The University of Florida supports the Florida Digital Newspaper Library and the Caribbean Newspaper Imaging Project. By preserving and digitizing the news of the past, these projects make the news new again.
The Caribbean Newspaper Imaging Project includes papers like Haiti’s Le Nouvelliste, with issues from 1899 – 1902 now online. While the early issues online are imperfect (because of materials and processing with newspaper paper, microfilming, and then digitizing from microfilm) the pages are easily readable. If I could read Haitian Creole, or at least enough French to understand with savvy use of Google’s translator, I’d be able to read the December 30, 1899 Le Nouvelliste and learn how Port-au-Prince was handling the shift into 1900, or perhaps the December 31, 1900 issue would be more interesting because its news would be that of Haiti poised for the start of the Twentieth Century.
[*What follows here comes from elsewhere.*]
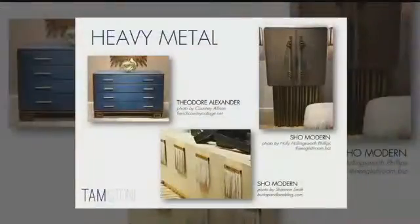I just returned from High Point Market about a month ago and saw everything that's going to be coming out in this next year. One of the five key trends that I saw, and what several design bloggers saw while they were there as well, is this heavy metal.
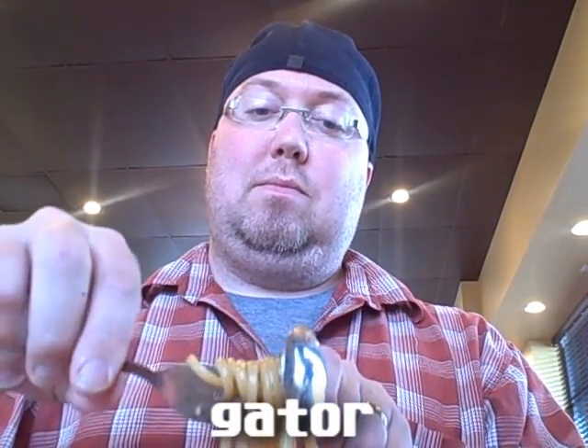The second one is the gator. The spoon is optional on this one. It's called the gator, reminiscent of how a gator latches onto its prey and then twists around.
The news of the past show has history is made. On a much more localized scale, so too do the photographs of the news in the making. Many issues of the University of Florida’s Florida Alligator newspaper, which later became the Independent Florida Alligator, is included in the Florida Digital Newspaper Library, as are photographs from its early days.
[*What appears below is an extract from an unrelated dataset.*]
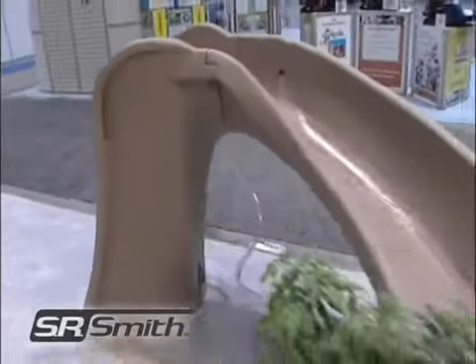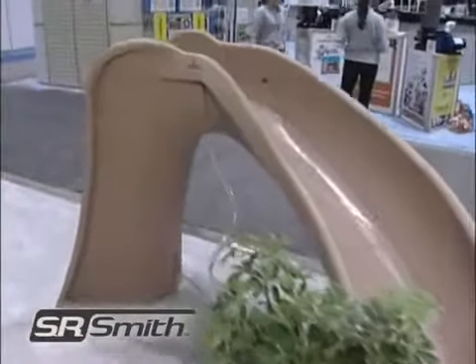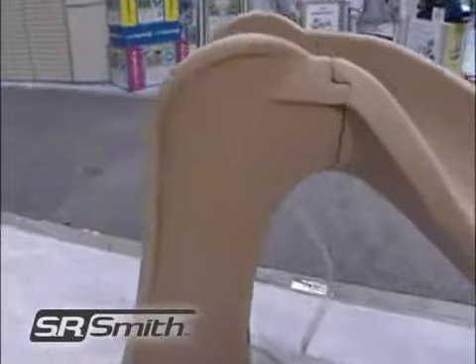The Cyclone is our starter slide and stands 4 foot 1 inches tall and 3 foot 2 inches to the seat, and only requires 42 inches of water depth, allowing it to fit almost anywhere in a pool. So get started sliding.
One of the Florida Alligator issues online is from September 21, 1945 and it seems surprisingly mundane when scanned quickly. However, the first page includes two articles on the first page, one on General Van Fleet explaining that the human element he gained at the University of Florida was pivotal for his successes in World War II and the second on the University officially going co-ed, after “Legislature broke down and played ‘Lady Bountiful’ by saying veterans’ wives could come, provided their husbands were here first.” Bits of history are told in these pages, just as they are in photograph above. The University of Florida Digital Newspaper Library has digitized issues from 1945 – 1948, and others await along with additional titles and issues intended for the Florida Digital Newspaper Library and the Caribbean Newspaper Imaging Project.